It's pretty clear from experience that the organization policy is to not provide feedback on bug submissions. Getting a 'check it if still reproduces or we'll close it in two weeks' message after 3 years is actually a fast turnaround.

Best I've gotten was on an issue I routed to a friend who worked at Apple who promised it would get looked at, but that I wouldn't hear back.

Microsoft wouldn't fix my issues either, but at least they got back to me in a timely fashion. Usually telling me it was a known issue that they weren't going to fix.

You don’t hear back because almost always your bug is a duplicate of some other one. They can’t share the original with you because it contains data from another customer or from inside the company.

Almost nobody is the first reporter in an OS with billions of users. The only useful thing about those long dupe lists was being able to scan them for one with easier repro steps.

But sometimes that duplicate marking is wrong or some subtly different issue so they ask you if it still reproduces in whatever version contains the fix before closing it.
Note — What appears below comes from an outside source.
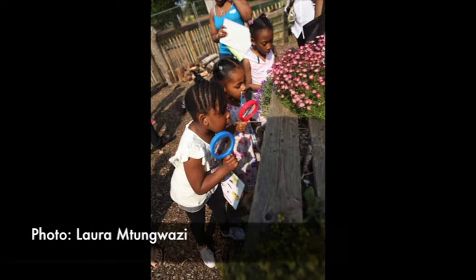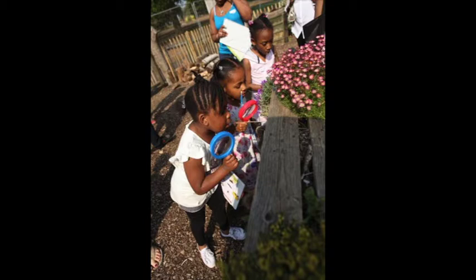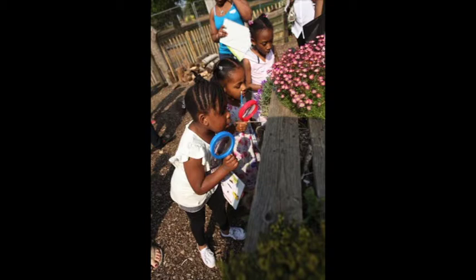We also enjoy the aquarium which we've got down in our basement, and we've got 16 acres of gardens, so we've got a really lovely mix of things which are great for all ages but particularly good for families with kids.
That makes sense. But when you take 3-5 years to respond to my bug report, I'm going to take at least 3 months to respond to your response. And I'm probably not filing more bugs, because chances are I won't be at my current employer by the time you reply.
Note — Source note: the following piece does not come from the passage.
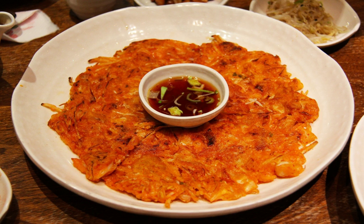Kimchi bukkimgay, or kimchi pancake, sometimes also referred to as kimchi jaeon, is a variety of bukkimgay, or Korean pancake. It is primarily made with sliced kimchi, flour batter and sometimes other vegetables. However, meat — ground pork — is also often added.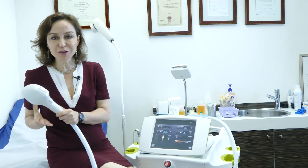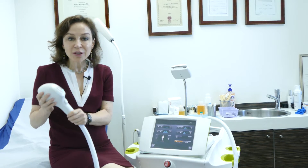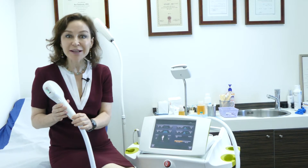The Venus Versa is a new device that has multiple IPL heads. One of the heads is very new and very special — it is a new head for the treatment of acne.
When you consitently burn bug reporters, sooner or later there's nobody to file bugs.

Because that's probably how long it took for someone to prioritize it.

Even if it's not fixed by the dupe ticket, the volume of bug reports makes it almost certain another ticket for the same issue will come up. And if it doesn't then it probably wasn't that relevant to anyone.

Not my tickets specifically. I don't think they're out to get me individually. On the contrary, this is a common practice, which affects many developers. I just happen to be relatively loud, as far as blogging is concerned.
Yes I understand that. ~50000 engineers aren't conspiring to close all tickets that way. It's a stupid line of thinking.

More than likely your steps to reproduce are too laborious to receive attention relative to the value fixing the bug would provide. That's why they're asking you to verify it still happens. Seems pretty simple right?

There's also a strong chance your ticket was linked as a duplicate of some other issue that was fixed in the beta and they want you to verify that's the case but they won't expose their internal issue to you for a variety of reasons.

> ~50000 engineers aren't conspiring to close all tickets that way.

I didn't say that either. It's happened to me only sporadically, but multiple times.

I agree with you that teams within Apple manage their own tickets. Perhaps some individual teams are declaring bug bankruptcy at some point, so only their bugs would go out for verification. I don't really know. I wish I did. What I do know is that multiple teams have done this at different points.

There's indisputably a company-wide DevBugs canned response for this. It's the same exact language every time. You can even Google it.

> It's a stupid line of thinking.

Please respect the HN guidelines: https://news.ycombinator.com/newsguidelines.html

> More than likely your steps to reproduce are too laborious to receive attention. That's why they're asking you to do it.

It was much more laborious for me, because I do not install the macOS betas.

> Seems pretty simple right?

No, it doesn't explain why specifically, after 3 years, they were suddenly asking me to verify with macOS 26.4 beta 4.